**Task item**
Instruction for the data below: set down exactly the lines from the line with "Galleria foto 'Elezioni" to the line with "BEECHAM'S HELP TO SCHOLARS: BEECHAM'S", inclusive, and no others.

**Supplied data**
------------------------------------

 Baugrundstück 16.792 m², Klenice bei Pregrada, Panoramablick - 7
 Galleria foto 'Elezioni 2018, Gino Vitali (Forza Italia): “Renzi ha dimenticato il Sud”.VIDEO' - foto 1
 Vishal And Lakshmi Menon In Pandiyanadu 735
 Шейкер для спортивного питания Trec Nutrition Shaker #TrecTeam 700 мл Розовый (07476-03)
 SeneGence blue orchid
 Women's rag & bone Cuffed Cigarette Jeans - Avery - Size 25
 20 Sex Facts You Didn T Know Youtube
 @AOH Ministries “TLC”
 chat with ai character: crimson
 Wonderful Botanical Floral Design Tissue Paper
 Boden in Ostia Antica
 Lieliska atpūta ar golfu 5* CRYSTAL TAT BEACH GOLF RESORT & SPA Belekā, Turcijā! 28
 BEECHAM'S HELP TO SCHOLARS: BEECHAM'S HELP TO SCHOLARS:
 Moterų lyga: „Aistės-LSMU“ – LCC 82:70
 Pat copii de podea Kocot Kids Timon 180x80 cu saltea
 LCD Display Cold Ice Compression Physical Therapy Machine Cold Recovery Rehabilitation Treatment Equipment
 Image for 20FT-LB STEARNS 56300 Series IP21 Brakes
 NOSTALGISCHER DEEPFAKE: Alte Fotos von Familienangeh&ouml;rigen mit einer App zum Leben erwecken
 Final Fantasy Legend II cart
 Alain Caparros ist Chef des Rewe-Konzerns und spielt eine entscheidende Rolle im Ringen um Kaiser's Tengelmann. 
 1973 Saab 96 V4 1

------------------------------------

**Completed exercise**
 Galleria foto 'Elezioni 2018, Gino Vitali (Forza Italia): “Renzi ha dimenticato il Sud”.VIDEO' - foto 1
 Vishal And Lakshmi Menon In Pandiyanadu 735
 Шейкер для спортивного питания Trec Nutrition Shaker #TrecTeam 700 мл Розовый (07476-03)
 SeneGence blue orchid
 Women's rag & bone Cuffed Cigarette Jeans - Avery - Size 25
 20 Sex Facts You Didn T Know Youtube
 @AOH Ministries “TLC”
 chat with ai character: crimson
 Wonderful Botanical Floral Design Tissue Paper
 Boden in Ostia Antica
 Lieliska atpūta ar golfu 5* CRYSTAL TAT BEACH GOLF RESORT & SPA Belekā, Turcijā! 28
 BEECHAM'S HELP TO SCHOLARS: BEECHAM'S HELP TO SCHOLARS:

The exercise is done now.